• _Work instruction_
Copy word for word the lines in the records below, starting at the line with "5.7 Liter HEMI" and ending at the line with "Boss digital delay - dd-7, made". Skip the pictures.

• _Recorded data_
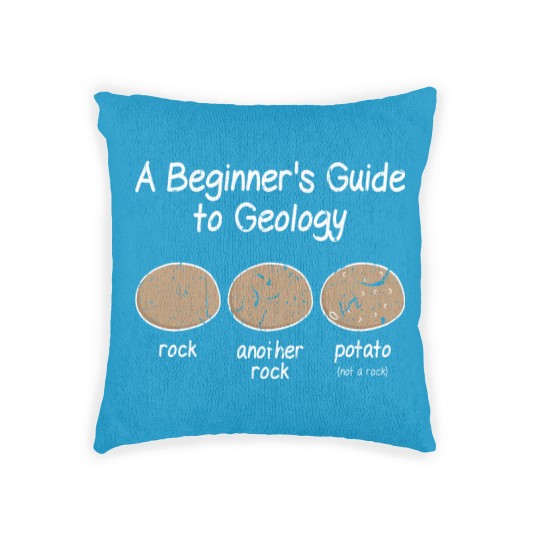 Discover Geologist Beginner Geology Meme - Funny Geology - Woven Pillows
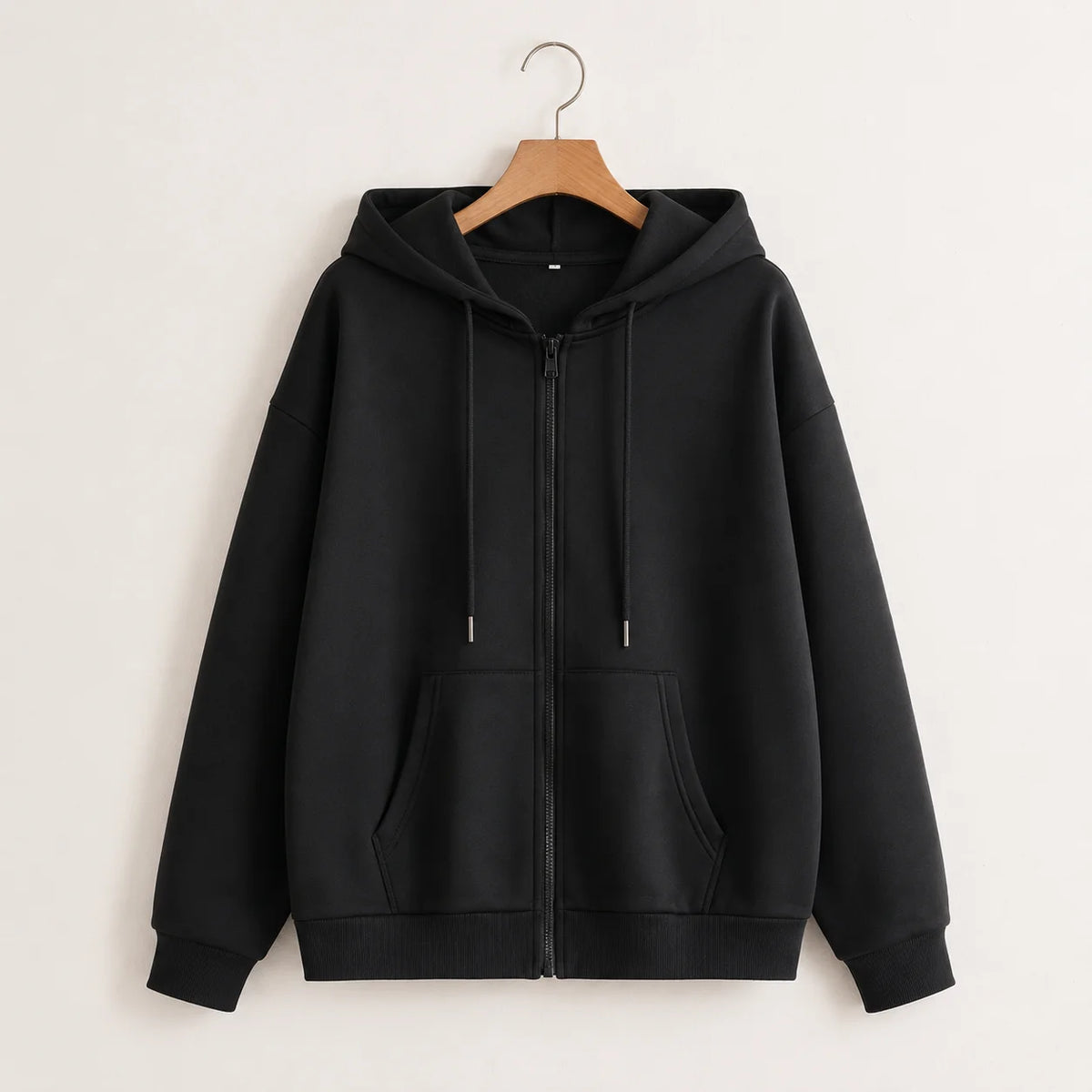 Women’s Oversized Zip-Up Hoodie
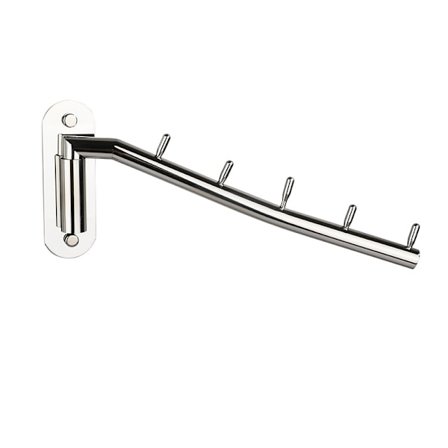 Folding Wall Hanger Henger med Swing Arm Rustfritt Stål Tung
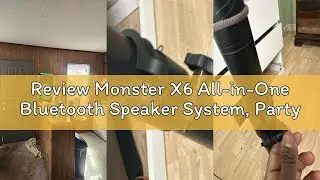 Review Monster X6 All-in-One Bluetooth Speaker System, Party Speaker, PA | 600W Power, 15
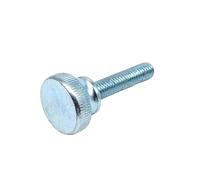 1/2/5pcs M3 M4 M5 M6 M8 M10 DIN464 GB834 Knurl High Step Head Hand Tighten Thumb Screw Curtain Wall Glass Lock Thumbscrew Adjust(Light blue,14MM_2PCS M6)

...

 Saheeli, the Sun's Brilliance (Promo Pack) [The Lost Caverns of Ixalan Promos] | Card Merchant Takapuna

...

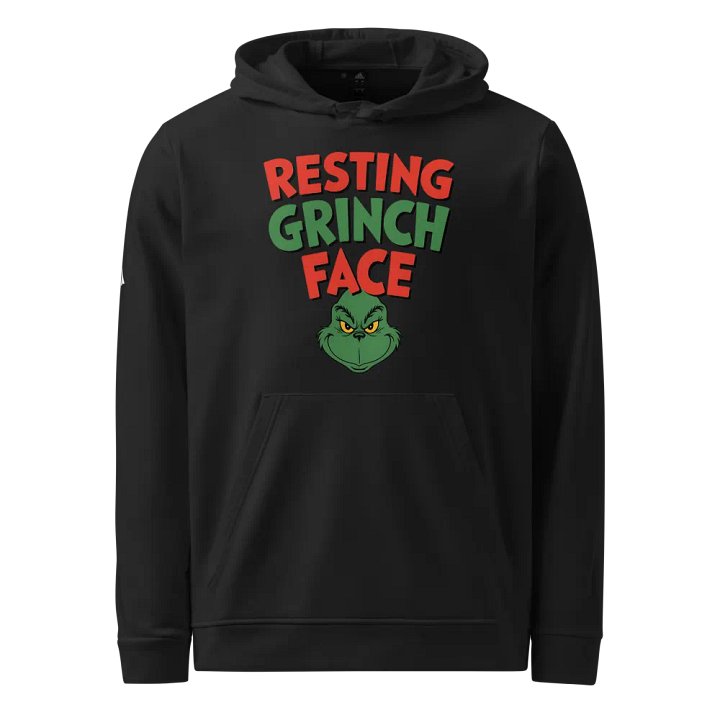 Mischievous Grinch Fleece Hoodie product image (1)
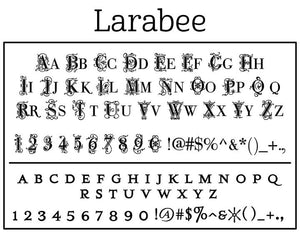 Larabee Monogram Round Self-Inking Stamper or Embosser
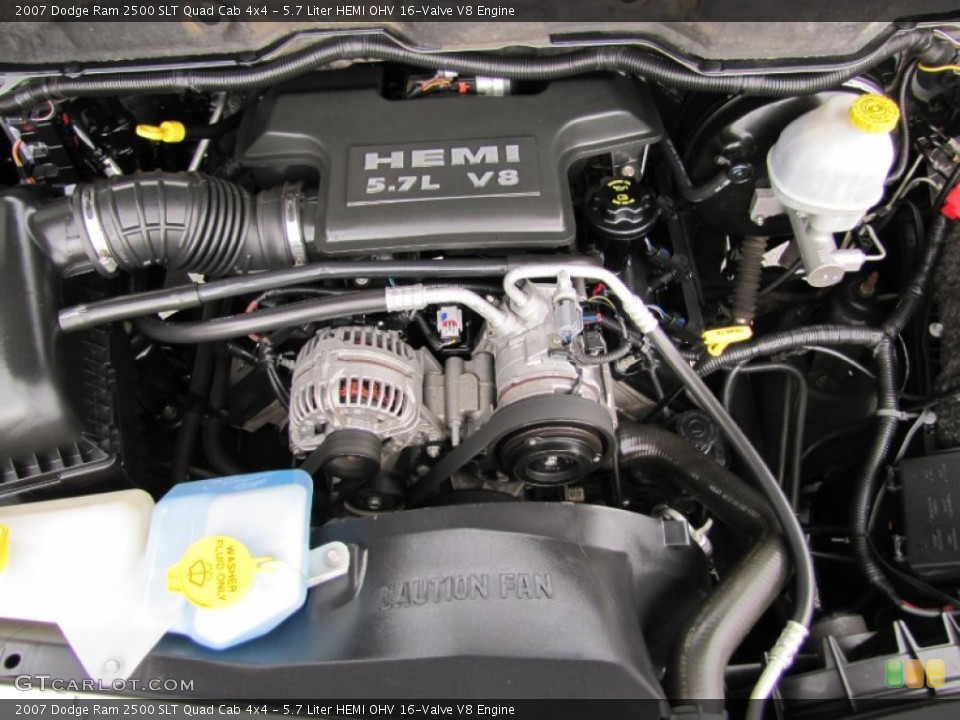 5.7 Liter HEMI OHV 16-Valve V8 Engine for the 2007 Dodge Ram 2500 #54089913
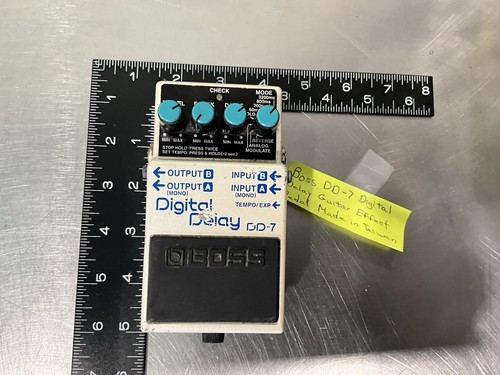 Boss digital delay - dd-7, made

• _Response to the task_
 5.7 Liter HEMI OHV 16-Valve V8 Engine for the 2007 Dodge Ram 2500 #54089913
 Boss digital delay - dd-7, made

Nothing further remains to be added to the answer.